## Sparsey Information Storage Capacity Study:

## Study 2: Best-match Sequence Recognition

While Study 1 provides a baseline estimate of storage capacity, it does so in the context of exact-match retrieval. That is, we present exactly the same sequence on the test trial as on the training trial. In Study 2, we explore storage capacity in the context of best-match retrieval. We demonstrate best-match retrieval as follows. In each experimental run, we train the model on a set of random sequences. We then create a noisy version of each training sequence by randomly changing some fraction of the pixels in each of its frames. Figure 3 (middle) shows a typical training sequence. Figure 3 (top) shows the corresponding randomly produced noisy version of that sequence: one pixel was randomly changed in each frame, which actually yields two pixel-level differences between the original and the noisy frame. Each frame in the training set had between 9 and 12 active pixels, which yields noise levels from 2/9 = 22.2% to 2/12 = 16.7%. Figure 3 (bottom) shows a sequence produced from the middle one by randomly changing two pixels in each frame, which yields four pixel-level differences and thus noise levels, from 4/9 = 44.4% to 4/12 = 33.3%. In this study, we ran one series of experiments testing with the 1 pixel changed frames (columns 5-9 of Table 2) and one series testing with the 2 pixels changed frames (columns 10-14 of Table 2).

**Figure 3:** (Middle row) An example 10-frame training sequence used in Study 2. (Top row) A noisy version of the training sequence in which one pixel was randomly changed in each frame.
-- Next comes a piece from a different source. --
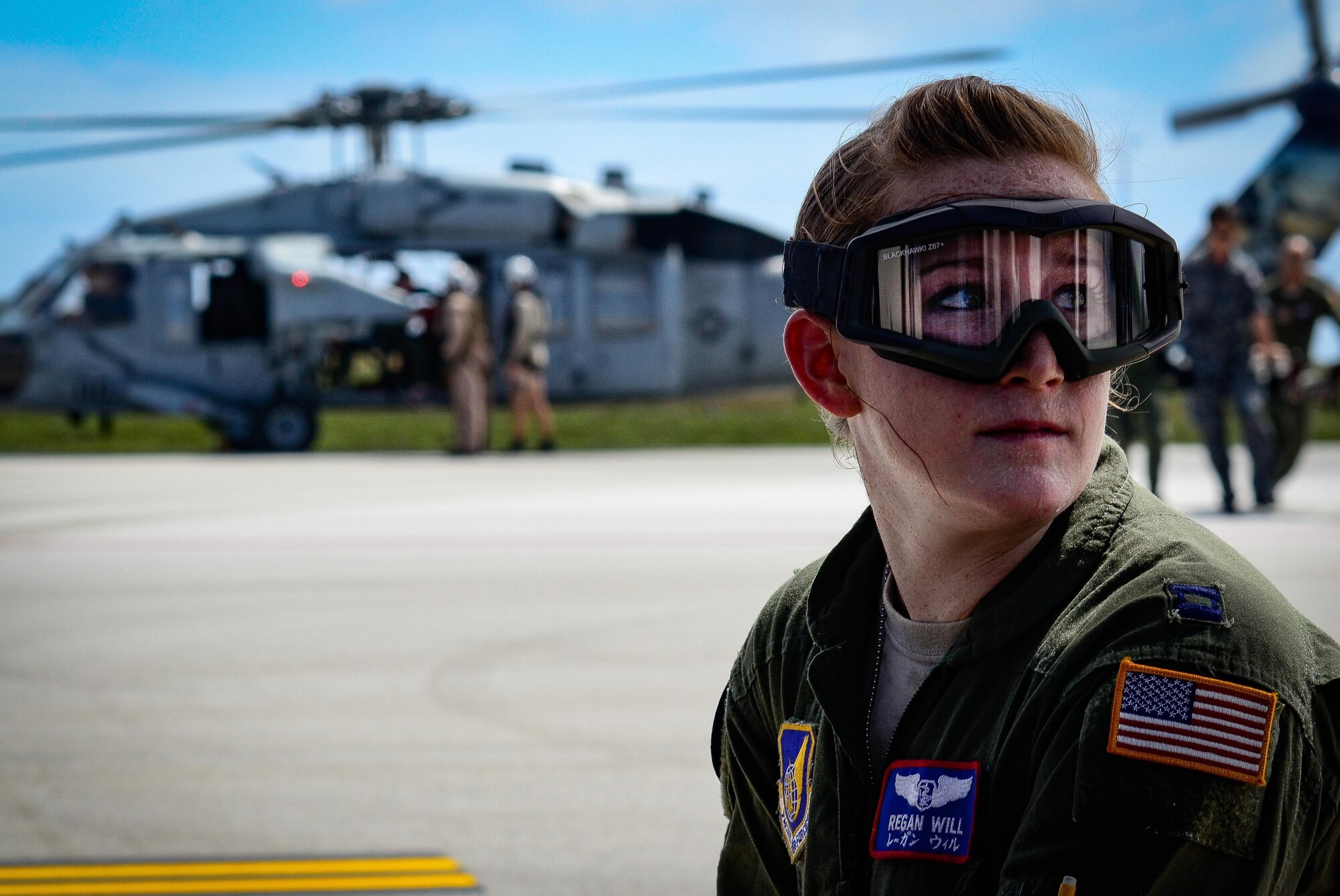 U.S. Air Force Capt. Regan Will, a flight nurse with the 18th Aeromedical Evacuation Squadron, listens to instructions during a medical patient transfer exercise Feb. 17, 2016, at Andersen Air Force Base, Guam. Exercise Cope North 16 enhances humanitarian assistance and disaster relief crisis response capabilities between six nations and lays the foundation for regional cooperation during real-world contingencies in the Indo-Asia-Pacific region. The MH-60S is assigned to Helicopter Sea Combat Squadron 25. The team conducted a simulated search and rescue exercise off the coast of Guam. (U.S. Air Force photo by Staff Sgt. Alexander W. Riedel/Released)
The resulting frame has two pixel-level differences from the original. (Bottom Row) A noisy version of the training sequence in which two pixels were randomly changed in each frame.

Given the random method of creating individual frames of the training set and the high input dimension involved (144), if the fraction of changed pixels is small enough, e.g., < 10-20%, then the probability that a changed frame, *x*' will end up closer to (having higher intersection with) any other frame in the training set than to the frame, *x*, from which it was created, is extremely small. However, remember that Sparsey actually “sees” each input frame *in the context of the sequence frames leading up to it*, i.e., it computes the spatiotemporal similarity of particular *moments* in time (by virtue of its combining of U and H signals on each time step), not simply the spatial similarity between isolated *snapshots*. Thus, the relevant point is that the probability that a changed moment, e.g., [x',y',**z'**], with its exponentially higher dimensionality (144^{3}), will end up closer to any other moment in the training set than to the moment, [x,y,**z**], from which it was created, is vanishingly small. (The notation [x,y,**z**], with z bolded, indicates the moment on which frame z is being presented as the third frame of a sequence after x and y have been presented as the first and second frames of the sequence.) This condition is required to validate the testing protocol/criterion described above, which compares the L1 code on each test frame to the L1 code on the corresponding training frame. Thus, if we can show that the model activates the exact same sequence of L1 codes in response to the noisy sequence, then we will have shown that the model is doing *best-match* retrieval.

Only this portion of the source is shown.